Figure 2. Illustration to the origin of the pseudo Jahn-Teller effect using the N--Fe--N fragment of the square-planar FeN4 group of iron porphyrin in hemoglobin as an example [13]: (a) when Fe is in the N4 plane (on the N-Fe-N line), the dπ-pπ overlap between the HOMO (nitrogen pπ) and LUMO (iron dz2) orbitals is zero (positive and negative overlaps compensate each other); (b) the out-of-plane displacement of the Fe atom results in nonzero dπ-pπ overlap and covalent bond formation, which lowers the curvature of the adiabatic potential in the direction of such displacements.

Another important feature of the JTEs distortions is their dynamic nature. The starting high-symmetry configuration of the system means that there are two or more equivalent directions of distortions. Accordingly, the JTEs-induced APES have two or more equivalent minima, which together, in the absence of external perturbations (including measurements), do not violate the reference symmetry. However, the multiminimum APES leads to the dynamic nature of the JTEs spontaneous distortions with tunneling or over-the barrier transitions between them, resulting in a series of novel effects with dramatic influence of the observable properties (see [3][4][5][6][7][9] and Section 5 below).

In a general view, the four kinds of the JTEs, briefly outlined above, show that there are no polyatomic configurations, which can be a priori excluded from the possible local instability and spontaneous distortions, with all the consequent influence on observable properties. In this respect, it was suggested [7] to separate all the polyatomic systems in three groups with respect to the possible influence of the JTEs-induced spontaneous symmetry breaking. In the first group, polyatomic systems are stable in the high-symmetry configuration (meaning no degeneracy, pseudodegeneracy, or low-lying electronic states with degeneracy or pseudodegeneracy). From the theoretical point of view, these are systems with very low nonadiabaticity in the high-symmetry configuration. This group contains the huge variety of chemical compounds the chemists are working with (but far not all of them).

The second group contains the systems with moderate to strong (but not very strong) nonadiabaticity, induced by the presence of electronic degeneracy or pseudodegeneracy (one of the four kinds illustrated in Figure 1). These are systems with special properties and massive applications, partially mentioned in this text.

The third group are systems with very strong JTEs (strong nonadiabaticity in the high-symmetry configuration) and related strong distortions from the high-symmetry configuration (e.g., the water molecule, which is unstable in the high-symmetry linear configuration due to the strong PJTE). These systems, once synthesized, fall in one of the low-symmetry minima of the APES and remain there forever (no tunneling or over-the-barrier transition between the minima are possible because of the very high barriers).
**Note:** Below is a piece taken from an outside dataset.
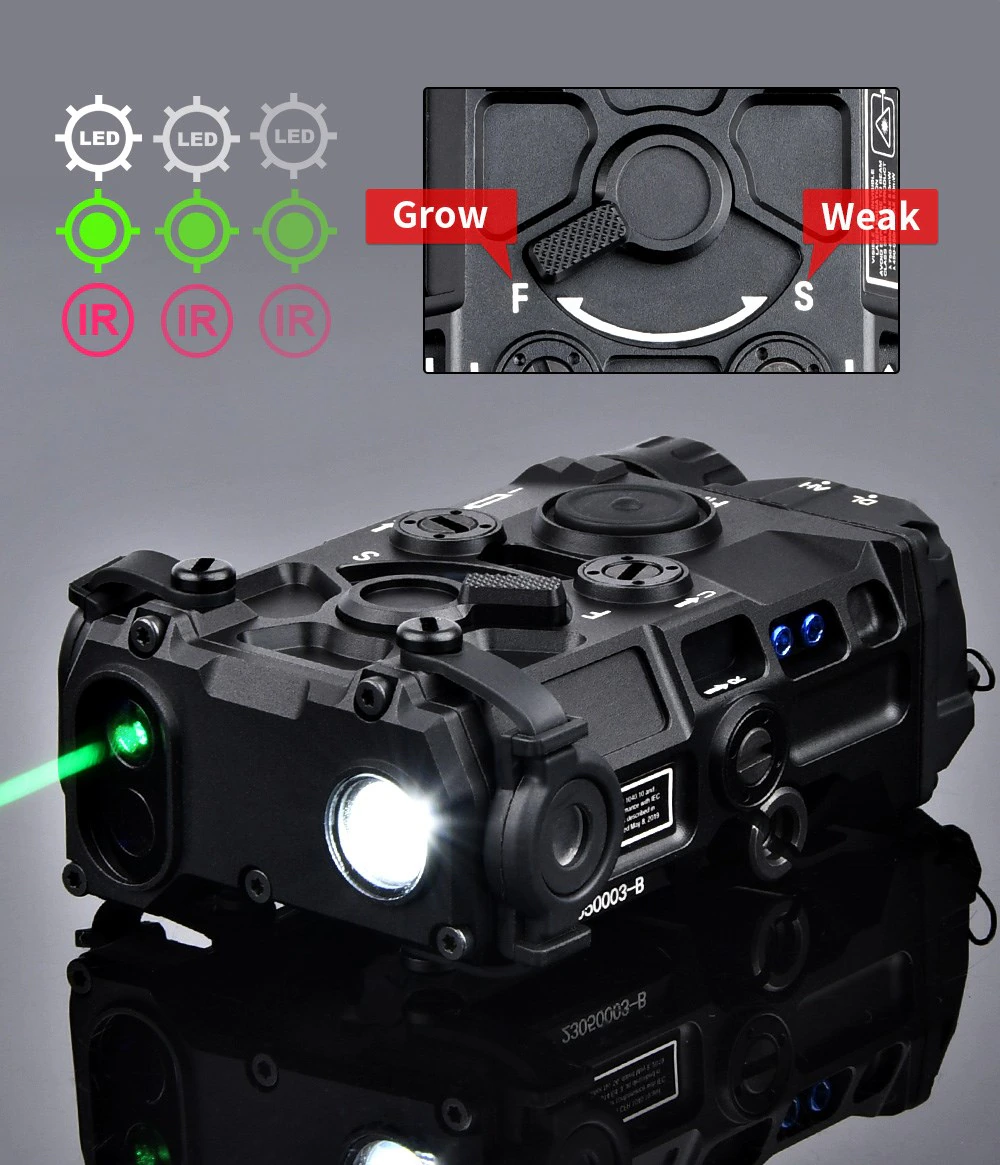 New.กล่อง Eo-tech OGL ยี่ห้อ WADSN รุ่น บอดี้อลูมิเนียม (OGL) (EOTECH OGL) (ON-GUN-LASER)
4. Specifics in experimental observation of JTEs

In view of the multiminimum APES and the consequent dynamic nature of the JTEs, the direct observation of the latter is not straightforward. As the problem is in observation of symmetry breaking, it is appropriate to invoke the P. Curie principle [14], according to which experimental observation of symmetry elements in physical or chemical phenomena is limited, in the sense that low-symmetry elements of the phenomenon may not show up in the observation with a given method (see more details in Refs. [7][12][15]. In terms of the JTEs problems, the lifetime τ of the system in the distorted configuration in the minimum of the multiminimum APES may be too short to be observed by the “time of measurement” τ' (e.g., the period of the electromagnetic wave), thus showing an averaged undistorted picture instead of JTEs distorted one. This means that the latter can be observed by the methods with short τ' values, or when the dynamics is quenched by external perturbations, but they may not be seen by methods with larger τ'. The JTEs in systems with small τ values were ignored for a long time (as unobservable, negligible), but they got a new life recently in view of important applications (see next section).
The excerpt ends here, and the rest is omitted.